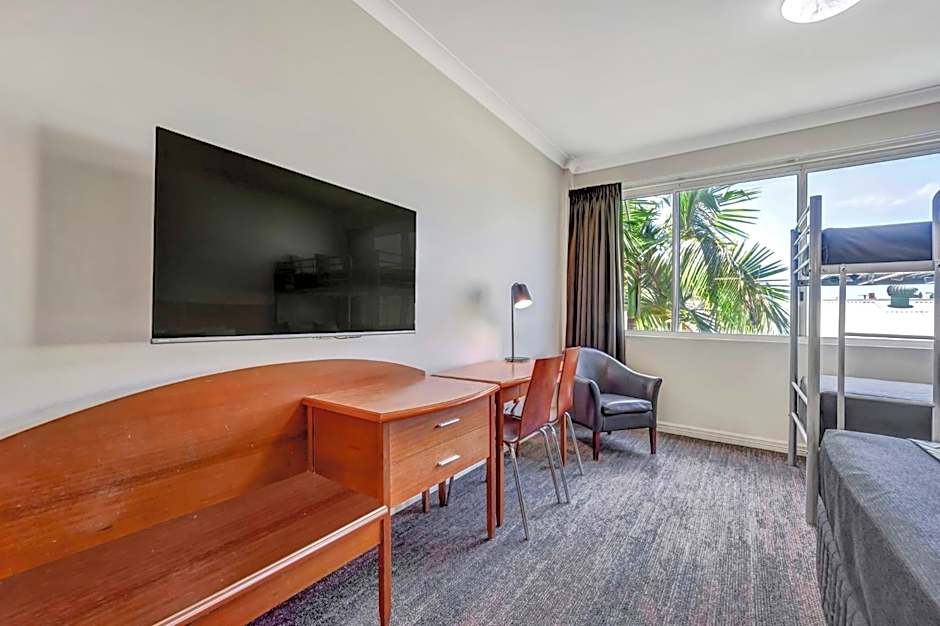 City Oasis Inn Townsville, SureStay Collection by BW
# # # # # # #
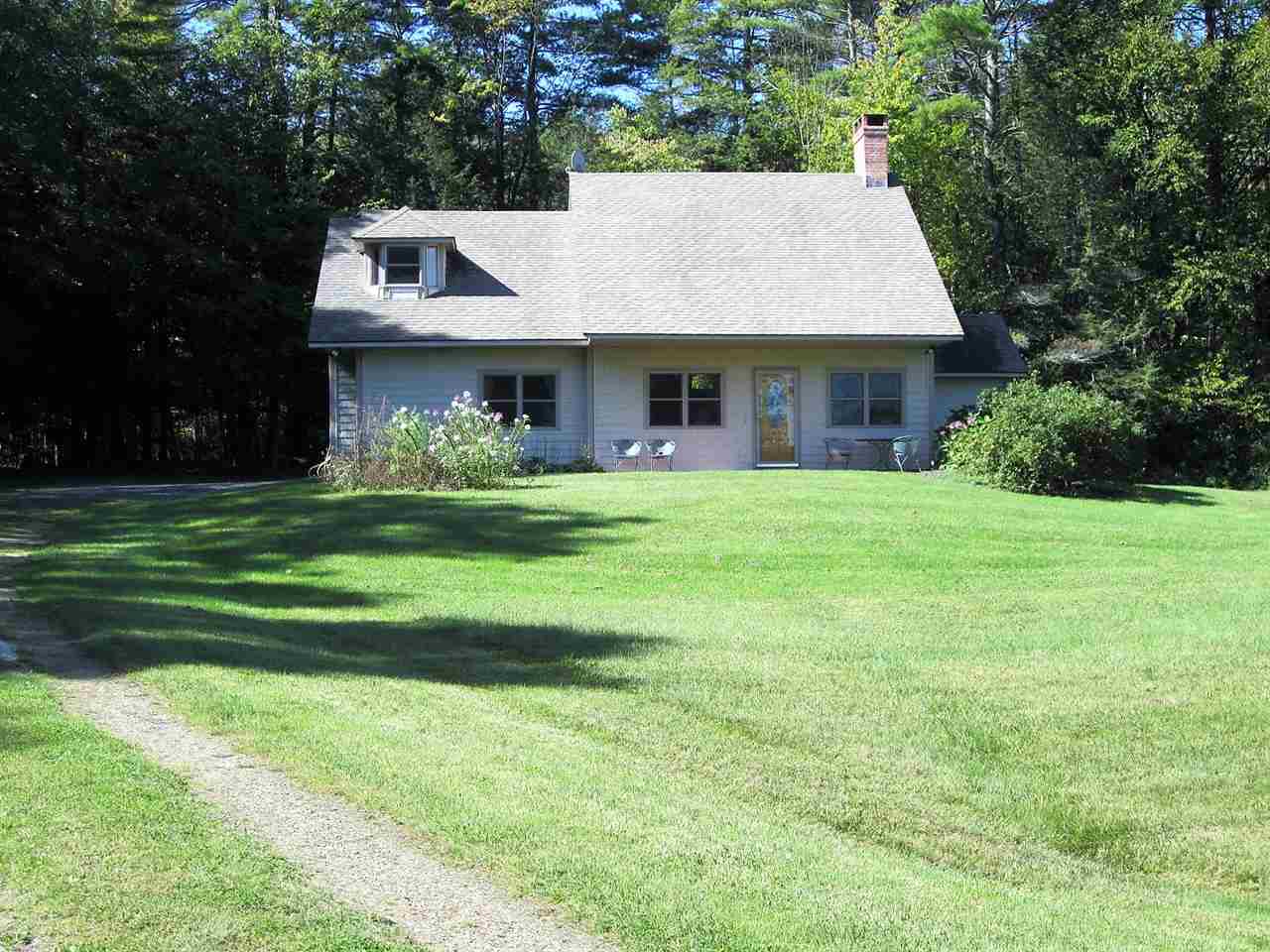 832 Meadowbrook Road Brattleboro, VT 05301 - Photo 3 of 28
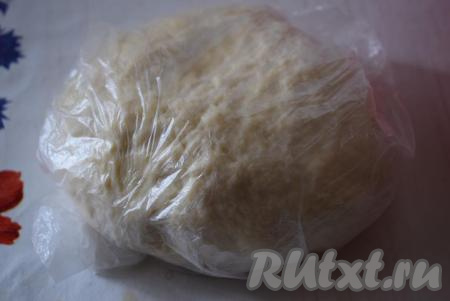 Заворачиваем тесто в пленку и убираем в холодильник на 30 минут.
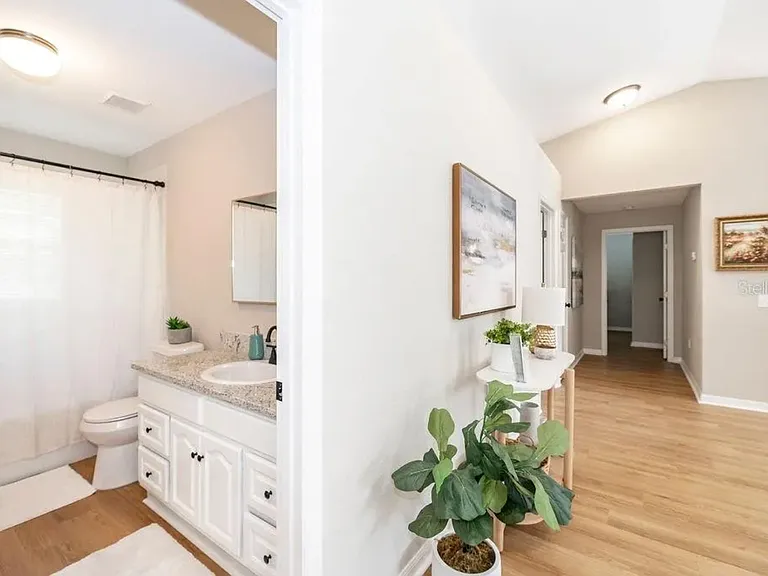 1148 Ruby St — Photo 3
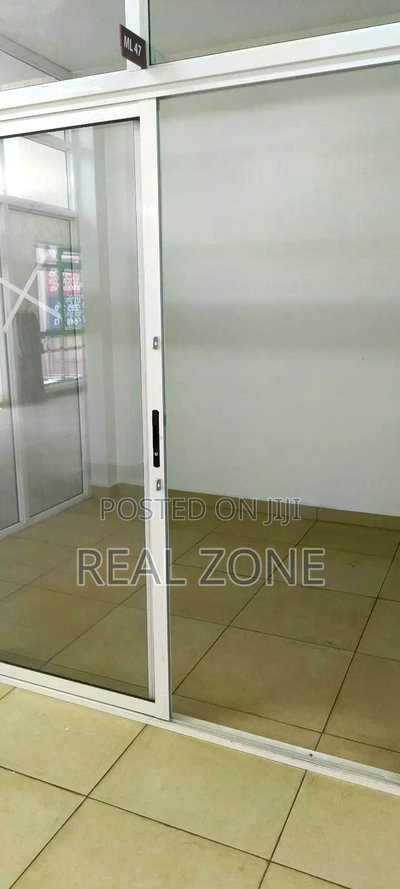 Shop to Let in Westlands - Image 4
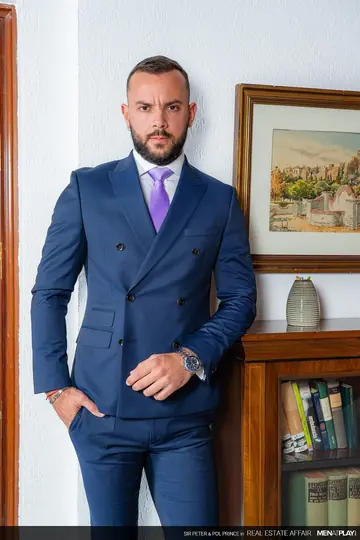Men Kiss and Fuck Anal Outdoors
# # # # # # #
Exercise requirements —
Pictures excluded, reproduce only the part above that opens with the line holding "1148 Ruby St — Photo 3" and closes with the line holding "Men Kiss and Fuck Anal Outdoors", exactly as written.

Result for this task —
 1148 Ruby St — Photo 3
 Shop to Let in Westlands - Image 4
Men Kiss and Fuck Anal Outdoors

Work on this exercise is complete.